Simplicity of State and Overlap Structure in Finite-Volume Realistic Spin Glasses

TL;DR

The paper argues that realistic spin glasses have a simple pure state and overlap structure, with at most a pair of states, challenging more complex mean field pictures and supporting simpler two-state or chaotic pairs models.

Contribution

It provides heuristic and rigorous evidence that realistic spin glasses exhibit a simple state and overlap structure, ruling out complex mean field scenarios.

Findings

Pure state structure is simple with at most a pair of states.

Overlap distribution shows at most a pair of delta-functions.

Supports the two-state and chaotic pairs models over mean field pictures.

Abstract

We present a combination of heuristic and rigorous arguments indicating that both the pure state structure and the overlap structure of realistic spin glasses should be relatively simple: in a large finite volume with coupling-independent boundary conditions, such as periodic, at most a pair of flip-related (or the appropriate number of symmetry-related in the non-Ising case) states appear, and the Parisi overlap distribution correspondingly exhibits at most a pair of delta-functions at plus/minus the self-overlap.

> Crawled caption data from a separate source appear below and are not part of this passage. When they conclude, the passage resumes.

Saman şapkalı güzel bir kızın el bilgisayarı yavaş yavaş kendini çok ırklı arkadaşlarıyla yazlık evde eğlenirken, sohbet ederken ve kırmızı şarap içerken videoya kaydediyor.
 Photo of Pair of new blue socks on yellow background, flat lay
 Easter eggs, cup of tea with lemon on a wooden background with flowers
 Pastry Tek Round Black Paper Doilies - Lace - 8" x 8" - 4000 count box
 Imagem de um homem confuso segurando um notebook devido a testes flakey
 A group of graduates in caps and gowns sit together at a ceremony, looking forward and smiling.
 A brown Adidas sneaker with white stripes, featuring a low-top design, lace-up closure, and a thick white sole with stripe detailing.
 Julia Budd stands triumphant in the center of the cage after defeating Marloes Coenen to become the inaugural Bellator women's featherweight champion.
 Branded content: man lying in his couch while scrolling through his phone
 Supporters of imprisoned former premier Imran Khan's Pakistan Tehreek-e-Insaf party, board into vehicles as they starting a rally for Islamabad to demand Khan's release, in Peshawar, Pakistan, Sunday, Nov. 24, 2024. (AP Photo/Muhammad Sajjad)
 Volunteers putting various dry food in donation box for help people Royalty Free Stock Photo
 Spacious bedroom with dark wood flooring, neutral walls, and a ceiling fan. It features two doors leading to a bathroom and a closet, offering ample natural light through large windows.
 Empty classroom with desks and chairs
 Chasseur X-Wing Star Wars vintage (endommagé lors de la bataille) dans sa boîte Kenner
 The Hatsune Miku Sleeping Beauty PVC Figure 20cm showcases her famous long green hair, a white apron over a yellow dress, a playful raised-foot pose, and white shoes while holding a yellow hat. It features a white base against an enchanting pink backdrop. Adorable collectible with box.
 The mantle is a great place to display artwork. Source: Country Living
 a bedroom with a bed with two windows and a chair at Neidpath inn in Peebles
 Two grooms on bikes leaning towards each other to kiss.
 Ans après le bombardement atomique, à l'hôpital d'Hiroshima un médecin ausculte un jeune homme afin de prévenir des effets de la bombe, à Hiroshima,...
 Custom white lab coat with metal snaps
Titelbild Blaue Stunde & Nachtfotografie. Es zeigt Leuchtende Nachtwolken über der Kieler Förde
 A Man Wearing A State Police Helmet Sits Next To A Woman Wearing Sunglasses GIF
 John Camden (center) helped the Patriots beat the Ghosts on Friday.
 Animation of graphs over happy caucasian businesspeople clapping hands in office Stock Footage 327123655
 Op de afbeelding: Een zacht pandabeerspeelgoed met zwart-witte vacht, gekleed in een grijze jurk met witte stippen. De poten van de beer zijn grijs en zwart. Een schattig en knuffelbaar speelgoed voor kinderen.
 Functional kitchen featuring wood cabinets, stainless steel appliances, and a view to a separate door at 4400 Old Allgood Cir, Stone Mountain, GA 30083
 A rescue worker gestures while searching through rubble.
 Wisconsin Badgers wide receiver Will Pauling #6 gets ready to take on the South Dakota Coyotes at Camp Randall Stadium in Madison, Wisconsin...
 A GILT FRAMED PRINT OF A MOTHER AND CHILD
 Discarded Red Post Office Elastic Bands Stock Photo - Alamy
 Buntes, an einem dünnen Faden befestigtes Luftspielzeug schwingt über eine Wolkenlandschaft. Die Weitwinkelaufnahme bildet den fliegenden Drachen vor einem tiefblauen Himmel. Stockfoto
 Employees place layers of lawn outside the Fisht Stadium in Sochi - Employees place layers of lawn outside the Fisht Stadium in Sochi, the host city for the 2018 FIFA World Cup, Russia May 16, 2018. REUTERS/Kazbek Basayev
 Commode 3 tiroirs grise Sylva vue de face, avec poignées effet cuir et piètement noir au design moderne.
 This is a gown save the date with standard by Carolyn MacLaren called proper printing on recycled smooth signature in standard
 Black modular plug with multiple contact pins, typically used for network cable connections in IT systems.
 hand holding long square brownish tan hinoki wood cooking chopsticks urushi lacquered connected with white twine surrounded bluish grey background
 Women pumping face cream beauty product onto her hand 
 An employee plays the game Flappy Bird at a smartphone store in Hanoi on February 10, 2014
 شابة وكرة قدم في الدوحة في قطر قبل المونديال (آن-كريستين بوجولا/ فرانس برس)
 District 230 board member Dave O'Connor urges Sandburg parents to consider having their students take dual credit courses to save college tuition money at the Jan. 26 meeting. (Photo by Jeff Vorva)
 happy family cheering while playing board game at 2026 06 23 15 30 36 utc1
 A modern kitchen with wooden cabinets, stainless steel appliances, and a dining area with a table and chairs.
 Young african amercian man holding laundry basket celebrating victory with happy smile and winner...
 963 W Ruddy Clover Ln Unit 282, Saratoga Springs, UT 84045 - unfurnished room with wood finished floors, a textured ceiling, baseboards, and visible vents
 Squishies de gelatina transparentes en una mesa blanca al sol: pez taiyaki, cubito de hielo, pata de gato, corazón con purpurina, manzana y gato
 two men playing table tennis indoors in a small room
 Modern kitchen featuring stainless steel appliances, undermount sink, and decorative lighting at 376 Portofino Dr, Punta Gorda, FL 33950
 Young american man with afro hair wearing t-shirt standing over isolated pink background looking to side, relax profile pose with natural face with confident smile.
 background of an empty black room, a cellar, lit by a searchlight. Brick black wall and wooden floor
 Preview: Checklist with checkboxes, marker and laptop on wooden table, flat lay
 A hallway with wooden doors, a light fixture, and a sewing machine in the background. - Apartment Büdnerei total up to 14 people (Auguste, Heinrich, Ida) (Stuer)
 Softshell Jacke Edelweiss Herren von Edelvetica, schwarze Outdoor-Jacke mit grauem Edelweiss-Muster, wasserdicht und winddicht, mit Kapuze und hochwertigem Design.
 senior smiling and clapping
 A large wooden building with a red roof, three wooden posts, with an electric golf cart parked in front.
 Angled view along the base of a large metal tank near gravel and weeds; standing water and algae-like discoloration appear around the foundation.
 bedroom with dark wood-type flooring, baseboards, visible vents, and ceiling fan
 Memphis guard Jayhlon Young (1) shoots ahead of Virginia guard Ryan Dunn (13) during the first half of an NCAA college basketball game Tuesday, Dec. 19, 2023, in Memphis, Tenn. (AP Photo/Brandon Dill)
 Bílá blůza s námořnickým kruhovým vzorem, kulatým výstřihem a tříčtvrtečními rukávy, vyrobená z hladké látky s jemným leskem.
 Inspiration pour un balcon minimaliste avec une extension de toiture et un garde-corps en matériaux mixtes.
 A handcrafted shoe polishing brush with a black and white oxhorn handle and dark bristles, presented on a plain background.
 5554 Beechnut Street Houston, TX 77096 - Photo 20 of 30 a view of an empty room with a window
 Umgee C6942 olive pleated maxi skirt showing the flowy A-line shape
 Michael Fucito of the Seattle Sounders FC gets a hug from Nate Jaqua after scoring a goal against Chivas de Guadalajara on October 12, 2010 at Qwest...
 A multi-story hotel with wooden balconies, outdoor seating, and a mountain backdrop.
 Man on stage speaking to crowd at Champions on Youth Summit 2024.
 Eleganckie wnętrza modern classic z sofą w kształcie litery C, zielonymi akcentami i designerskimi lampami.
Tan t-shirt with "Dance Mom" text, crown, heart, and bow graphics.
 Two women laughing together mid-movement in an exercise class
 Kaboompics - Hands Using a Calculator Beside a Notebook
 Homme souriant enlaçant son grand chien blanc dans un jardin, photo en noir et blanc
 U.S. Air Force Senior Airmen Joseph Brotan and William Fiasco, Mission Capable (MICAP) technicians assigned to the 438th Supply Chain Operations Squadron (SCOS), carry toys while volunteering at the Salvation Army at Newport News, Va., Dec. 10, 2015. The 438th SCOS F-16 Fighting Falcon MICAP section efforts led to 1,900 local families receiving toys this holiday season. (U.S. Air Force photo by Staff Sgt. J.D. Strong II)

This rules out the nonstandard SK picture introduced by us earlier, and when combined with our previous elimination of more standard versions of the mean field picture, argues against the possibility of even limited versions of mean field ordering in realistic spin glasses. If broken spin flip symmetry should occur, this leaves open two main possibilities for ordering in the spin glass phase: the droplet/scaling two-state picture, and the chaotic pairs many-state picture introduced by us earlier. We present scaling arguments which provide a possible physical basis for the latter picture, and discuss possible reasons behind numerical observations of more complicated overlap structures in finite volumes.